Although courts can request that an attorney represent an indigent plaintiff, the court is not required to make this request in the absence of "exceptional circumstances." See Ulmer v. Chancellor, 691 F.2d. 209, 212 (5th Cir. 1982) and Jackson v. Cain, 864 F.2d. 1235, 1242 (5th Cir. 1989). No precise definition of "exceptional circumstances" is available, but the United States Courts of Appeal have provided a litany of factors for lower courts to consider in determining whether the plaintiff is entitled to have the court request that counsel assist him in his suit. It is proper for the court to consider the following factors: (a) the type and complexity of the case; (b) the plaintiff's ability to adequately present and investigate his case; (c) the presence of evidence which largely consists of conflicting testimony so as to require skill in presentation of evidence and cross-examination; and (d) the likelihood that appointment will benefit the petitioner, the court, and the defendants by "shortening the trial and assisting in just determination." See Parker v. Carpenter, 978 F.2d. 190 (5th Cir. 1992), citing Murphy v. Kellar, 950 F.2d. at 293, n.14; see also Ulmer, 691 F.2d. at 213, and Jackson, 864 F.2d. at 1242. Additionally, a court may consider whether a plaintiff has demonstrated the inability to secure private counsel on his own behalf. See Jackson, 864 F.2d. at 1242; Ulmer, 691 F.2d. at 213. Plaintiff is not excused from trying to procure counsel for himself.

Plaintiff has managed to file his original complaint setting forth his cause of action against the named defendants. No special legal knowledge is required of plaintiff herein. Plaintiff's claims are not atypical of those often asserted in civil rights litigation and are not complex. At this stage of the proceedings he need not be versed in the law so long as he can recite the facts and his demands with sufficient clarity, and that he has done so far. Accordingly, plaintiff's request for appointment of counsel should be denied as the circumstances presented herein are not "exceptional" so as to warrant the appointment of counsel. 4. Temporary Restraining Order

Finally, plaintiff has filed a request for a temporary or preliminary restraining order. A litigant moving for a preliminary injunction or temporary restraining order must demonstrate each of the following: (1) a substantial likelihood of success on the merits; (2) a substantial threat that failure to grant the injunction will result in irreparable injury; (3) the threatened injury outweighs any damage that the injunction will cause to the adverse party; and (4) the injunction will not have an adverse effect on the public interest. Women's Med. Ctr. of Northwest Houston v. Bell, 248 F.3d 411, 418-20 (5th Cir.2001). "An injunction is an extraordinary remedy and should not issue except upon a clear showing of possible irreparable harm." Lewis v. S.S. Baune, 534 F.2d 1115, 1121 (5th Cir.1976).

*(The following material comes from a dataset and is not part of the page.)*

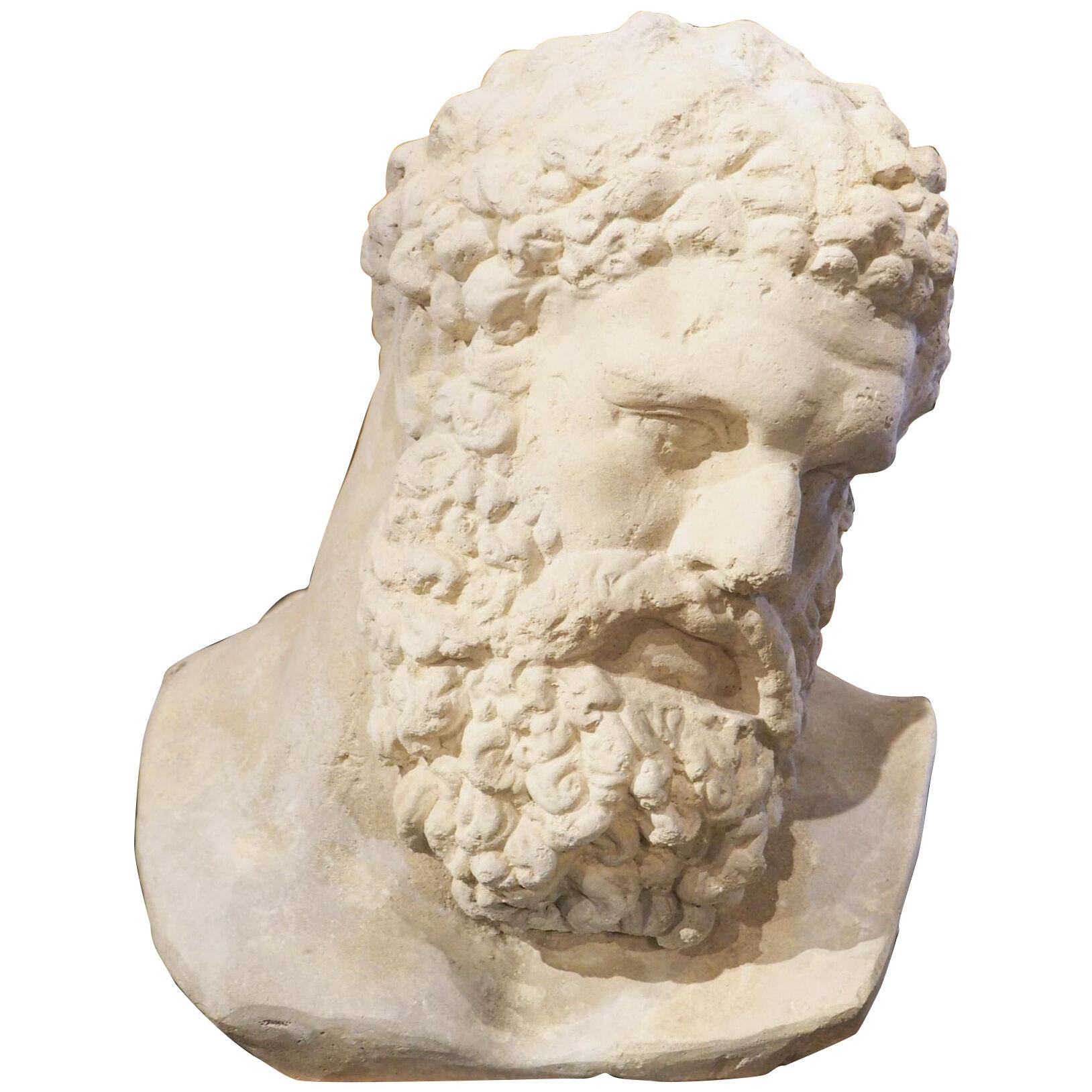 Large Italian Cast Limestone Bust of Hercules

Plaintiff cannot prevail because he has not demonstrated a substantial threat of irreparable injury. Further, plaintiff has not yet shown a substantial likelihood of success on the merits; rather, his claims are frivolous and should be dismissed, as he is not entitled to participate in a work-release program. Finally, the relief plaintiff seeks through this request for injunctive relief is too amorphous and non-specific.

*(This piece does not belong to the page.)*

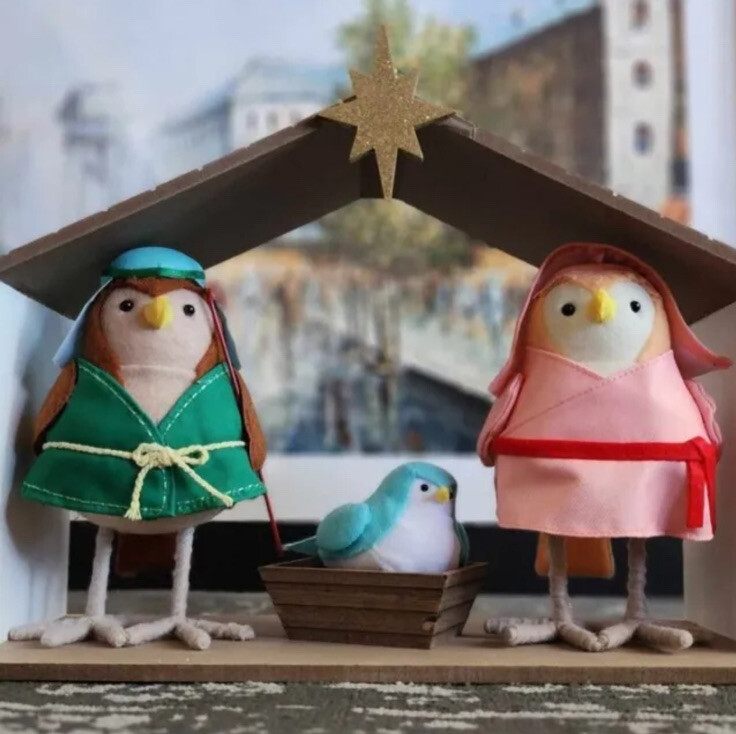 Target 4pc Featherly Friends Fabric Bird Nativity Scene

Conclusion and Recommendation

Therefore,

IT IS RECOMMENDED that plaintiff's civil rights complaint be DISMISSED WITH PREJUDICE as frivolous and for failing to state a claim for which relief may be granted.

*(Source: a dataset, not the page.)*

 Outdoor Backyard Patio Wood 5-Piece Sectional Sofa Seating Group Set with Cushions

IT IS FURTHER RECOMMENDED that Plaintiff's Motion to Appoint Counsel [Rec. Doc. 3] and Motion for Preliminary Injunction [Rec. Doc. 4] be DENIED.

Under the provisions of 28 U.S.C. Section 636(b)(1)(C) and Rule 72(b), parties aggrieved by this recommendation have fourteen (14) days from service of this report and recommendation to file specific, written objections with the Clerk of Court. A party may respond to another party's objections within fourteen (14) days after being served with a copy of any objections or response to the district judge at the time of filing.

Failure to file written objections to the proposed factual findings and/or the proposed legal conclusions reflected in this Report and Recommendation within fourteen (14) days following the date of its service, or within the time frame authorized by Fed.R.Civ.P. 6(b) , shall bar an aggrieved party from attacking either the factual findings or the legal conclusions accepted by the District Court, except upon grounds of plain error. See , Douglass v. United Services Automobile Association , 79 F.3d 1415 (5th Cir. 1996).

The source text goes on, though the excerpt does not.